Much of James’ internship consisted of data entry and organizational office work. She also helped with research and recruitment and met with her boss once a week to discuss Developmental Psychology and ran a cardiac study.
“It was so, so cool to see my classes at Bates come alive in Montana,” James said. “I’ve read so many articles on psych studies and research projects, but I was actually doing that this summer– I wasn’t reading about EEG data and cortisol levels, but actually collecting them.”
Regarding the Purposeful Work reflections, “[They] were really helpful for me because it made me actively think about what I was taking away from my internship. It was also great to see what other PW Interns were taking away from their internships, and see if anyone else was sharing similar struggles and successes as me,” James said.
Evan Molinari interned at the U.S. House of Representatives in Washington D.C. with Maine Congresswoman Chellie Pingree for two months. He came across the internship on the BCDC website.
“I had always been interested in politics and government, and I wanted to learn more about Maine– and this gave me the opportunity to do both,” Molinari said.
Molinari’s responsibilities included answering phones, delivering mail, sorting faxes and correspondence, drafting letters to constituents, giving tours of the capitol building, attending meetings and hearings with/for legislative staff, writing bill recommendations, delivering hard copies of bills to the Rules Committee, and a number of other jobs.
“I gained a new respect for Government and the legislative respect, and lost the little respect I had for two-party politics,” Molinari said.
Tara Das interned with Safe Voices Shelter and Community Education Department in Lewiston for 10 weeks. Das interpreted and translated domestic violence awareness materials and information sessions for French-speaking New Americans, collaborated with other community educators on elements of domestic violence curriculum, assisted with client intake and shelter operations and shadowed the court advocate at the Lewiston District Court.

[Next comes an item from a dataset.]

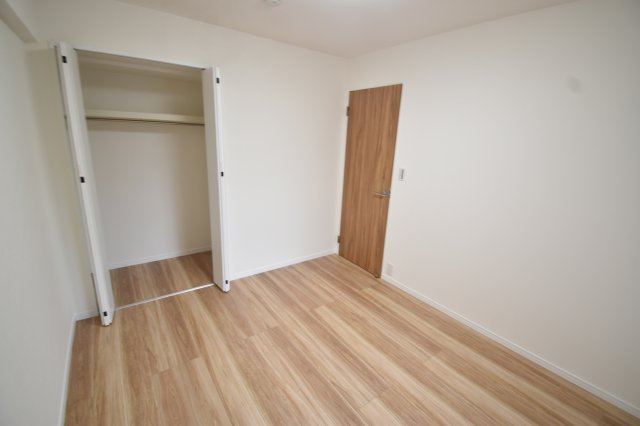 サンシティ鳥飼の洋室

Prior to her internship, Das worked on an independent research project that looked at domestic violence and refugee issues in the Bates Politics/WGS class “Gender and the State,” which made her interested in nonprofit work toward women’s issues and refugees in Maine.
“I’ve also always been interested in non-profit/advocacy work and wanted to spend my summer before senior year getting to know Maine a little more, so Safe Voices was the perfect fit for all these criteria,” Das said.
Nonetheless, the experience had its challenges: “The most challenging part was interpreting and translating, as it not only involved translating language, but also translating culture. The discourse of domestic violence awareness education is not always accessible for New American communities, so I had to learn how to negotiate the paradox of objectively translating the material but also subjectively attempting to make it relative to the audience,” Das said. Working with Safe Voices helped Das open the door to grassroots advocacy and nonprofit work; a field she may pursue in the future.
The overall feedback for Purposeful Work has been positive. Christina Patrick, who works with the Purposeful Work initiative and the Bates Career Development Center to design, launch, and manage the Purposeful Work Internship Program, reflects on the programs intentions. Purposeful Work is designed “to foster a habit of ongoing reflection in an easy, efficient format. We want to support students to think about their interests, their skills, and their professional relationships in the moment so that students can act on these reflections—informing decisions they make about projects they seek out as interns, classes and research opportunities they want to explore in the coming academic year, career exploration steps they may want to take in the years ahead.”